Are women in. England murdered and raped wholesale, you asked. What I said with regard to girls working in factories and offices is sufficient answer (if it is true) as to rape. It is a fact widely known, though the critical, mind which wants such a ”lot of convincing,” may never give it credence. It is, as I pointed out in the article, supported by the fact that provision is made for its interdiction in a recently proposed Parliamentary Bill. This is the obstinate and awkward point you should have attacked.

As to murder, the instances I gave of wholesale murder were those of men—shunters and miners. But what do you want ? Is it worse for women to be murdered than men, that you must challenge me to set against the slaughter of Peruvian women the murder of women in England ? If that is it there is no difficulty. The days of “phossy jaw” are not quite over yet, and tales are told in the potteries that would make an Indian woman’s flesh creep. But in many trades in England women are being murdered by the conditions of their labour—conditions made and enforced by the masters.

You, evidently, view these things from the standpoint of the bourgeois coroner’s jury, who find every death sanctioned by capitalist laws, to be a “natural” death or “misadventure.” So it is only “natural” death when some poor working lass dies of starvation. And it is purely a case of misadventure when several girls are burnt to death through being made to work in a room full of slow guncotton (they call it celluloid but it is a form of guncotton) with naked lights about, and no adequate means of escape.

Perhaps you, friend Conroy, can explain the difference between being roasted to death on the top of a City warehouse to save the English capitalist the expense of making provision for safety, and being roasted to death in a Peruvian forest. Perhaps it lies in the comforting assurance of one of the witnesses at the London inquest that these things cannot be helped because celluloid is used in nearly every trade. Which means, of course, that if only one or two women were in danger something might be done, but since thousands are in danger, it would cost too much to protect them, and they must take their chance of some workingman hero being able to get the blazing celluloid out of the window.

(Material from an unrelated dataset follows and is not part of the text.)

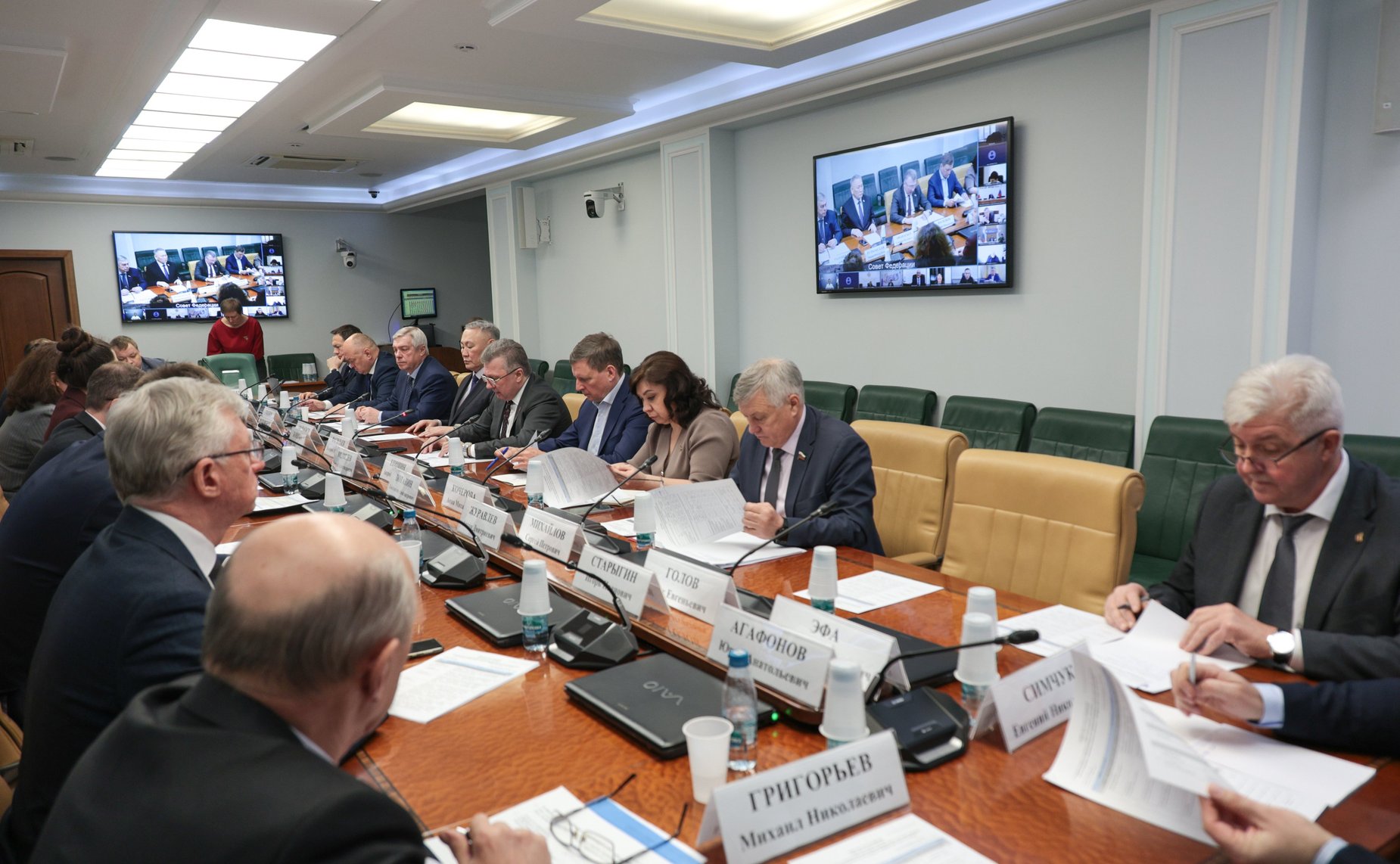 Круглый стол Комитета Совета Федерации по экономической политике «О приведении в нормативное состояние региональной и местной дорожной сети в рамках национального проекта «Инфраструктура для жизни»»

Certainly it is “more than a difference of methods.” This writer has not said that it was not. The conditions are different and the results are different. But it is violation all the same, and as brutal and shameful in the English method as in the Peruvian. You say that “in England, even prostitution is preferable to starvation,” and ask if the alternative of Poor Law relief exists in Peru. Probably not—certainly not in the district we are concerned with. But if the implication is that the whip used in Peru is starvation, and that since this is thought, in England, to be worse than prostitution, it must be a terrible thing in Peru, then you are wrong. Starvation is not the whip in Peru. Sheer brutality is what drives the Indians to work. On the other hand, this starvation, which you so subtly reveal in all its hideousness, is the weapon uaed in England, as you admit when you say that prostitution is preferred to it.

But what else have you said, Mr. Conroy ? You have unwittingly said that the British capitalists have made their alternative to starvation—the Poor Law—less attractive “even” than prostitution ! And since you say that none need starve who are willing to apply for relief, and it is undeniable that many do starve, you show that the Poor Law alternative is (for many) worse “even” than starvation ! What “rhetosical” phenomenon was it that put the Poor Law bogey into your head ?

Your “digression from the main issue” just suffices to enable you to “put your foot in it” again, for certainly prostitution may not be regarded, even “to a certain extent,” as a necessity of our monogamous system. Do you realise that prostitution involves sale ? Whatever sexual relations may be ascribed to “our monogamic system,” sale cannot. Prostitution is a necessity of our capitalist system.

And if, as you say, it is sometimes considered more attractive than hard, monotonous toil (a statement that to me only shows the awfal misery of the latter, and does not one iota lessen the horror of the former), then, as I have before pointed out, in thousands of cases prostitution offers no escape from “hard, monotonous toil,” but goes with it ! This is, in part, the answer to your question whether women in England are denied the means of subsistence in return for their labour-power. They are indeed, in vast numbers. For all their hard and monotonous toil they have, not exceptionally, but generally, to find some means of supplementing their wages. Their male relatives may come to their rescue, but often enough the question has to be faced whether “even prostitution is preferable to starvation,” and sometimes it has to be prostitution, and sometimes slow, but certain, starvation.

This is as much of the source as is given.